Create a configuration file:
```csv
name
email
password:faker.random.word
```

Pass the path to the file into `--config`
```bash
npx pg-anonymize postgres://localhost/mydb \
--config /path/to/file
```

### `--skip`

#### Skip tables

Use `--skip` to skip anonymizing entire tables

```bash
npx pg-anonymize postgres://localhost/mydb --skip public.posts
```

### `--preserve-null | -n`

#### Preserve `NULL` values

Use `--preserve-null` to skip anonymization on fields with `NULL` values.

```bash
npx pg-anonymize postgres://localhost/mydb --preserve-null
```

### `--faker-locale`

#### Set fakers locale (i18n)

Use `--faker-locale` to change the locale used by faker (default: `en`)

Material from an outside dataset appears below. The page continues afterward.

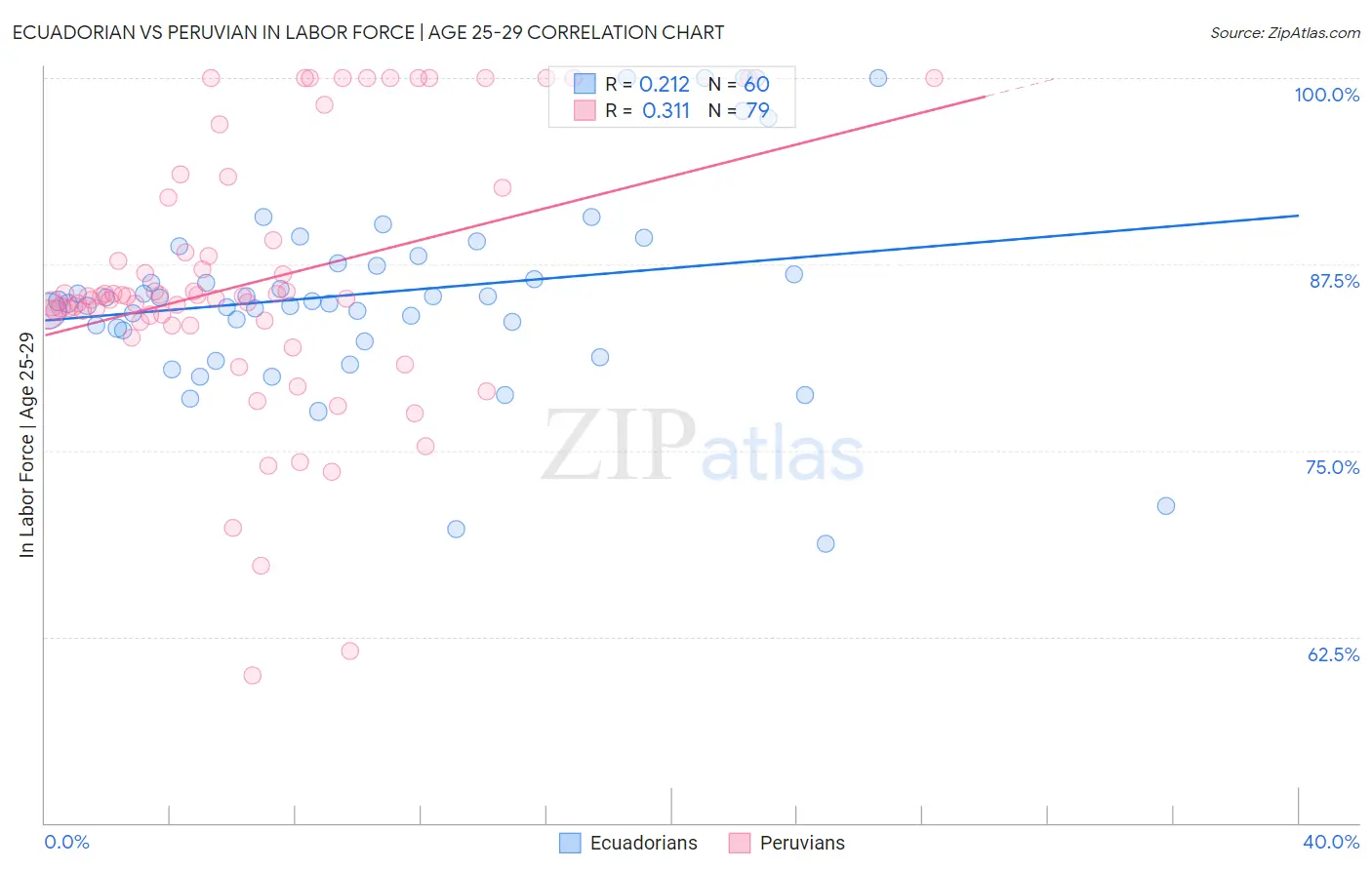 Ecuadorian vs Peruvian In Labor Force | Age 25-29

## Import the anonymized file

The anonymized output file is plain SQL text, you can import it with `psql`.

```bash
psql -d mylocaldb < output.sql
```

## Why

There are a bunch of competitors, still I failed to use them:

- [`postgresql_anonymizer`](https://postgresql-anonymizer.readthedocs.io/en/stable/) may be [hard to setup](https://postgresql-anonymizer.readthedocs.io/en/stable/INSTALL/#install-on-macos) and may be cumbersome for simple usage. Still, I guess it's the best solution.
- [`pganonymize`](https://pypi.org/project/pganonymize/) fails when it does not use `public` schema or columns have uppercase characters
- [`pganonymizer`](https://github.com/asgeirrr/pgantomizer) also fails with simple cases. Errors are not explicit and silent.

## Credit

The original version of this package was created by @rap2hpoutre. It worked very well, but had a few features missing and became stale. I decided to make significant changes to the cli and update core functionality. Due to the lack of response on my PRs, I decided to re-publish the package under a similar name. If the original author decides they'd like to get back involved, I'll happily merge all my changes into the original repository.